A maioria dos procuradores-gerais democratas assume discurso frontal de oposição a Trump discutindo publicamente como barrar medidas do governo.
Primeira procuradora-geral assumidamente homossexual nos EUA, Maura Healy, do Estado de Massachusetts, voltou do encontro da Flórida qualificando o nova governo federal como vergonhoso e propondo ações diretas de combate.
“Esse governo está envergonhando o nosso país e tornando-o menos seguro. Está estigmatizando os imigrantes que chegam dentro da lei. A ordem executiva de Trump é uma ameaça à nossa Constituição. A mensagem que nós, o povo de Massachusetts, temos para esse governo é: nós nos veremos nos tribunais”, disse ela.
“Como procurador-geral, eu entendo que temos de ter equilíbrio entre a segurança e a liberdade de nossos cidadãos. Essa ordem executiva falha em ambos os sentidos. Ela nos torna menos seguros e afeta os nossos direitos”, completou Josh Shapiro, que foi deputado estadual democrata por sete anos antes de chegar ao cargo de procurador-geral na Pensilvânia.
Xavier Becerra, procurador-geral da Califórnia, verificou que a animosidade da população local com o governo federal está tão intensa que está crescendo um movimento separatista denominado “Calexit” – uma espécie de Brexit na terra de Hollywood. “Como procurador-geral estou pronto para defender a Califórnia contra tentativas de Trump de impor punições à nossa população”, afirmou Becerra, ex-deputado federal pelo Partido Democrata entre 1993 e o começo deste ano.
Ele defende bandeiras históricas da legenda, como o direito de escolha das mulheres em caso de aborto e o fim da redução de impostos aos mais ricos.

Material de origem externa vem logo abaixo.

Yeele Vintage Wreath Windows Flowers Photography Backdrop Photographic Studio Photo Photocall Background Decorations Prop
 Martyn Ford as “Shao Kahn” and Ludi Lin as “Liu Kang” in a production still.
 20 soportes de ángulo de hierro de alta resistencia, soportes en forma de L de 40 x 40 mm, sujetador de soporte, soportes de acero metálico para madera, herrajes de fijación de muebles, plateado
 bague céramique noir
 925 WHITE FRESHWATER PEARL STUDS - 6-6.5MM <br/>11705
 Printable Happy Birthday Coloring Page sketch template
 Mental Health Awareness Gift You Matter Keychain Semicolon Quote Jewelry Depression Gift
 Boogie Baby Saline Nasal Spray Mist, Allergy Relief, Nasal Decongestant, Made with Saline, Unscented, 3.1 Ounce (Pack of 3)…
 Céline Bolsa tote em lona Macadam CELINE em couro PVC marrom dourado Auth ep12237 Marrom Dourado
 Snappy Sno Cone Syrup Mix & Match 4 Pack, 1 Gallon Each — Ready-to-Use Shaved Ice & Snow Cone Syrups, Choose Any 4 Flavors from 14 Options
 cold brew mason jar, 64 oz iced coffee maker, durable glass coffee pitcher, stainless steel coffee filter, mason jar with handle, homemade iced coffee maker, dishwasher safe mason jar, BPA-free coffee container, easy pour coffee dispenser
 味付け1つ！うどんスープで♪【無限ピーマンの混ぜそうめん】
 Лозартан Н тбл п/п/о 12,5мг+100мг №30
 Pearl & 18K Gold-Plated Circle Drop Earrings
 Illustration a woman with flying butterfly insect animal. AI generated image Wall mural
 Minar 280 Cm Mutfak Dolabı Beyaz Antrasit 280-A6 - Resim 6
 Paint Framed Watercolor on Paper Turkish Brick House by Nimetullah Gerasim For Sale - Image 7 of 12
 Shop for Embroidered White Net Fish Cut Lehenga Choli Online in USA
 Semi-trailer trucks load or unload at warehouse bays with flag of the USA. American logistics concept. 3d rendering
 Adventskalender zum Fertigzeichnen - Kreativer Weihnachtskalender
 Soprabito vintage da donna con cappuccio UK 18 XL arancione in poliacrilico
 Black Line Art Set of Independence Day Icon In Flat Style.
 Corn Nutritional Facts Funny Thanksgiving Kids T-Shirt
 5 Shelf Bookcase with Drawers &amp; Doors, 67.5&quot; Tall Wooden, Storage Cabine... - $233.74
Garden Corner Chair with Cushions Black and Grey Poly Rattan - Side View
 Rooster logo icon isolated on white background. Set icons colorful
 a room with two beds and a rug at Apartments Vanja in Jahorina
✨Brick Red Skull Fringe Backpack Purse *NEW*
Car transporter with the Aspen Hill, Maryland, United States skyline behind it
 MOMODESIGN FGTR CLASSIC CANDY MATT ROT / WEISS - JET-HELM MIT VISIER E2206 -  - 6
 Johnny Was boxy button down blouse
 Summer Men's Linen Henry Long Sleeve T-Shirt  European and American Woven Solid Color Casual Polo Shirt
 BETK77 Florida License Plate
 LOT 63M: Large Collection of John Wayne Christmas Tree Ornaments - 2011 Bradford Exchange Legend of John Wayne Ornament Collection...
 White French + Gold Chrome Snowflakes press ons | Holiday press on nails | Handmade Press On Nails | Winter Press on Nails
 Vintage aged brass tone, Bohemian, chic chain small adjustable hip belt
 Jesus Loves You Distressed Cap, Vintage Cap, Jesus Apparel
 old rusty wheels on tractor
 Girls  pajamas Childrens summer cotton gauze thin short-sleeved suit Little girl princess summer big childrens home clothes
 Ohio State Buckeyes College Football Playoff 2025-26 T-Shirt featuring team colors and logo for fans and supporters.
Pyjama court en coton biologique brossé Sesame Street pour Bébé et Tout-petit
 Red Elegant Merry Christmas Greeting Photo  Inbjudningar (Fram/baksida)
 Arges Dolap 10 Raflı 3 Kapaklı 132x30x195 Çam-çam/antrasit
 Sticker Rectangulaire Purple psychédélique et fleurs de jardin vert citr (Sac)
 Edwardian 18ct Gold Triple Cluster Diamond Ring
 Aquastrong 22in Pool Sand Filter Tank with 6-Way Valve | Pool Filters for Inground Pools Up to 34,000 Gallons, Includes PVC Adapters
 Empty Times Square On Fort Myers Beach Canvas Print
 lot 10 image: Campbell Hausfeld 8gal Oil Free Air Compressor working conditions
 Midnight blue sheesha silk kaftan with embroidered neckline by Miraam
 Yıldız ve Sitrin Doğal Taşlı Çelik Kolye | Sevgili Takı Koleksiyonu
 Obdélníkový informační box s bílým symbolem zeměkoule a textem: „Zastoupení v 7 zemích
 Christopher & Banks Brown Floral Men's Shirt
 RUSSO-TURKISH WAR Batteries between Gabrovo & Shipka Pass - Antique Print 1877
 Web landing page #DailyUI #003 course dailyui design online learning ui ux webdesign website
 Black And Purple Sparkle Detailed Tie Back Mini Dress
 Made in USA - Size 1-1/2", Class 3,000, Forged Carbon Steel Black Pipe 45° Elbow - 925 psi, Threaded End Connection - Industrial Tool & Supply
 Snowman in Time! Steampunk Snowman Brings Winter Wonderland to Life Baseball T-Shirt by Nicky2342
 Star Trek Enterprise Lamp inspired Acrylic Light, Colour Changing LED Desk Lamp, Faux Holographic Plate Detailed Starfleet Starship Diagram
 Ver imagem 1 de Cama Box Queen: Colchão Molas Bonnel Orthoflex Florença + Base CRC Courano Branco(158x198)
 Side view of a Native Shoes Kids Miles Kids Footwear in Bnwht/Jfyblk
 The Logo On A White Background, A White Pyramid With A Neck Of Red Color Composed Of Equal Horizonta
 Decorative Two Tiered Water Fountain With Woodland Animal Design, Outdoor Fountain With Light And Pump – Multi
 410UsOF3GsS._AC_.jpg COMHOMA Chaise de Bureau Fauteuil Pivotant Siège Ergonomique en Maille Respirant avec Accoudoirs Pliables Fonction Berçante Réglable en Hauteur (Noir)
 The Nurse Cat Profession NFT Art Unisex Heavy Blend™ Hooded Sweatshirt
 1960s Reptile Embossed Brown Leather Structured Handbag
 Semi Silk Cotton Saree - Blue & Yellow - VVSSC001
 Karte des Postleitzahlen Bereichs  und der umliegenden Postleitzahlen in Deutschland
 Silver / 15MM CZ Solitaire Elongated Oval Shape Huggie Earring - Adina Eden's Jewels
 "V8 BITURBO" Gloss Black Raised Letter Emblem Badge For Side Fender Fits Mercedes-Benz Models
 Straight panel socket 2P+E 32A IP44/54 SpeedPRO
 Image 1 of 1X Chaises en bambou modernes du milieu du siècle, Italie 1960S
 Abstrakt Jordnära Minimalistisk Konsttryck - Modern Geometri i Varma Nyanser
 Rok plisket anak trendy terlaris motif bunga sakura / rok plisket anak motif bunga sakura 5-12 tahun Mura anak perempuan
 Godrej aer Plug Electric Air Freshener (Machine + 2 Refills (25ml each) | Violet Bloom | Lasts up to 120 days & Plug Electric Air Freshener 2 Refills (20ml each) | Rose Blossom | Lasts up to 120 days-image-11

Becerra está numa disputa pessoal com o governo Trump em torno da ameaça de retirada de verbas federais para projetos de apoio à imigração na Califórnia. Ele declarou que o Estado repassa à União mais verbas do que recebe e, portanto, a medida seria injusta, além de inconstitucional.
“Parece que os procuradores-gerais estão se tornando um quarto ramo de poder”, definiu Hector Balderas. Procurador- geral do Novo México, ele foi deputado estadual democrata e tentou concorrer ao Senado pelo partido. Atualmente, tem como bandeira política a defesa de imigrantes latinos no Estado e a luta contra as medidas impostas por Trump.